Trump’s Trade War and the US Economy’s Prospects
WASHINGTON, DC – June 17, 2018
The World trade war has now entered its “hot phase.” As the Trump administration has now approved tariffs on $50 billion in Chinese goods. So our prediction has been borne out, there seems to be no reconciliation on the horizon.
Meanwhile, on Wednesday, the Federal Reserve announced an interest rate hike for the 2nd time this year.
The Federal Reserve increased a key interest rate again, Wednesday, which will trigger higher rates on credit cards, home equity lines and other kinds of borrowing.

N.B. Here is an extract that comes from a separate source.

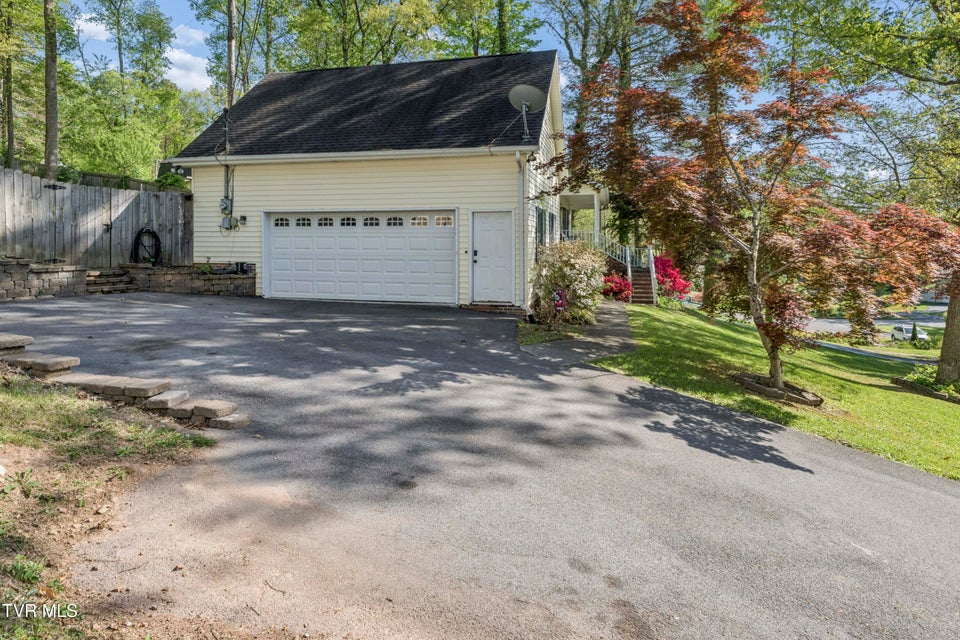 Photo #77: 802 Chestnut Avenue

Wednesday’s action, which was widely expected, was the second Fed rate hike this year — and the seventh since it began boosting them in 2015. The latest increase puts the federal funds rate in a range between 1.75 and 2 percent. The Fed previously nudged rates up in March.
According to Michael Snyder, a nationally syndicated writer, media personality, political activist, and author of four books including The Beginning Of The End and Living A Life That Really Matters, the quickest way to hurt the U.S. economy is to aggressively raise interest rates. Lower interest rates make it less expensive to borrow money, and therefore economic activity tends to expand in a low-interest rate environment.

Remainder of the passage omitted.